CLIC1 supports mechanisms related to platelet activation and thrombosis

Background: Chloride intracellular channel 1 (CLIC1) is expressed in platelets, but CLIC1 action in these cells has not been clarified. Methods: CLIC1 function was probed in platelets in vitro as well as in a mouse dorsal skin fold chamber model in vivo to assess thrombus formation. Results: Co-localization of CLIC1 with F-actin was detected in lamellipodia of platelets, which relocate CLIC1 to their cell surface in an integrin-dependent manner. Treatment with the CLIC1 inhibitor IAA94 hindered CLIC1 relocation to the platelet membrane, diminished platelet aggregation and reduced integrin αIIbβ3 activation. Injecting mice with IAA94 delayed vaso-occlusion in a mouse model of photo-chemical thrombus formation in vivo.
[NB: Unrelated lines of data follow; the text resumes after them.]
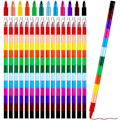 Miniatyrbillede 1 af 5: Stablebare farveblyanter, 24 stk. stablebare farveblyanter regnbueblyanter, 12 farver byggelige stablebare farveblyanter DIY farveblyant festartikler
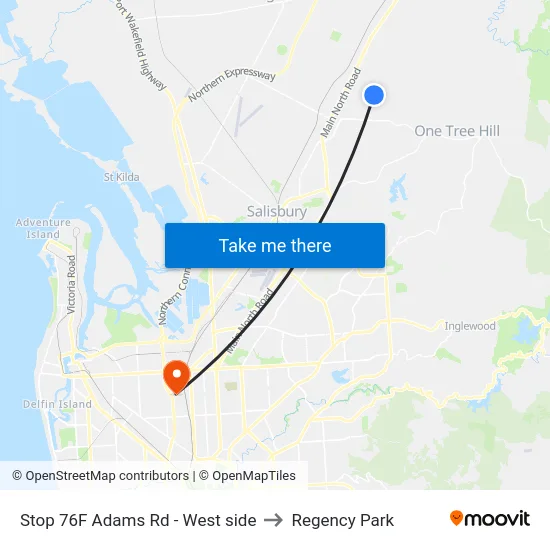 Stop 76F Adams Rd - West side to Regency Park map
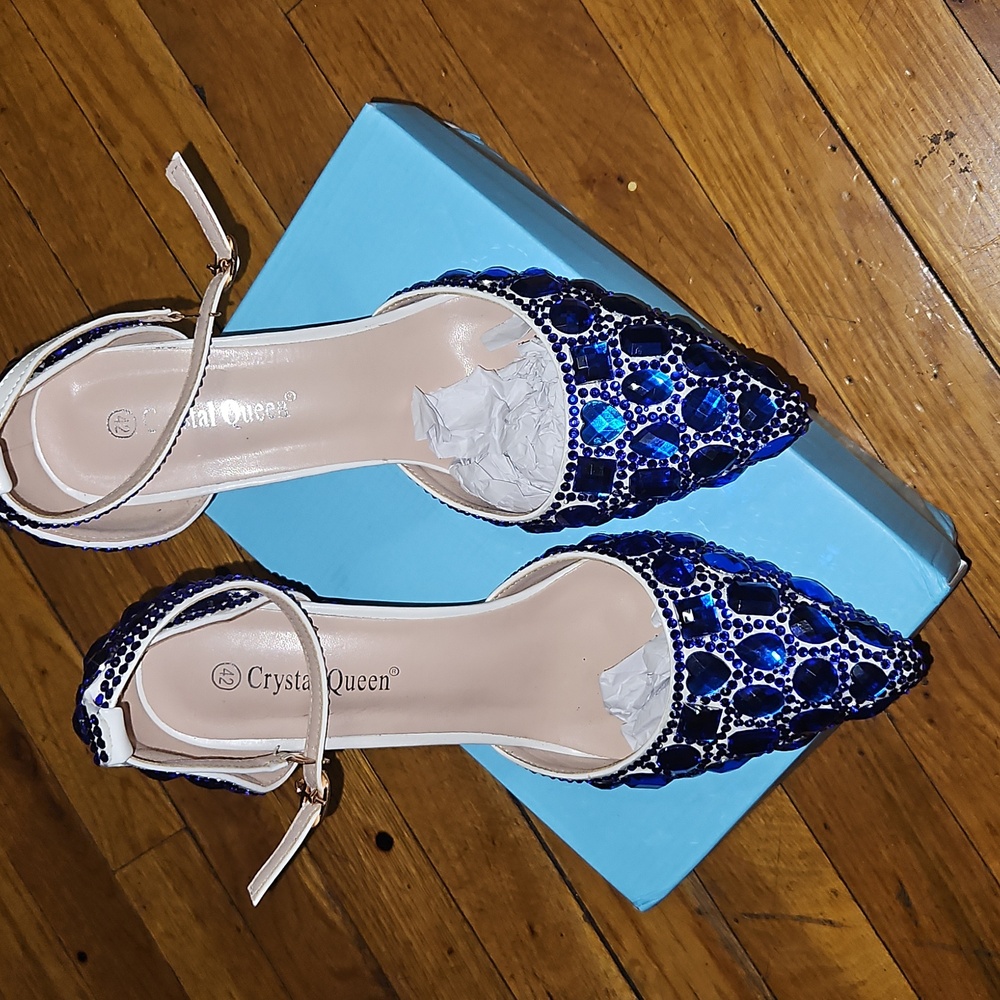 Blue Embellished Heels - Picture 2 of 10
The role of CLIC1 for platelet activation could be reproduced in platelet concentrates, which even after prolonged storage expressed minimal CLIC1 on the platelet surface unless platelets were exposed to an activating stimulus. Conclusion: These data show that CLIC1 is regulated by adhesive interactions with integrin ligands that cause CLIC1 to relocate to the platelet cell surface. This process in turn appears to be relevant for integrin-mediated functions involved in platelet thrombus formation in vitro and in vivo. Moreover, CLIC1 has the potential to be a useful marker for monitoring the activation state of platelet concentrates during prolonged storage.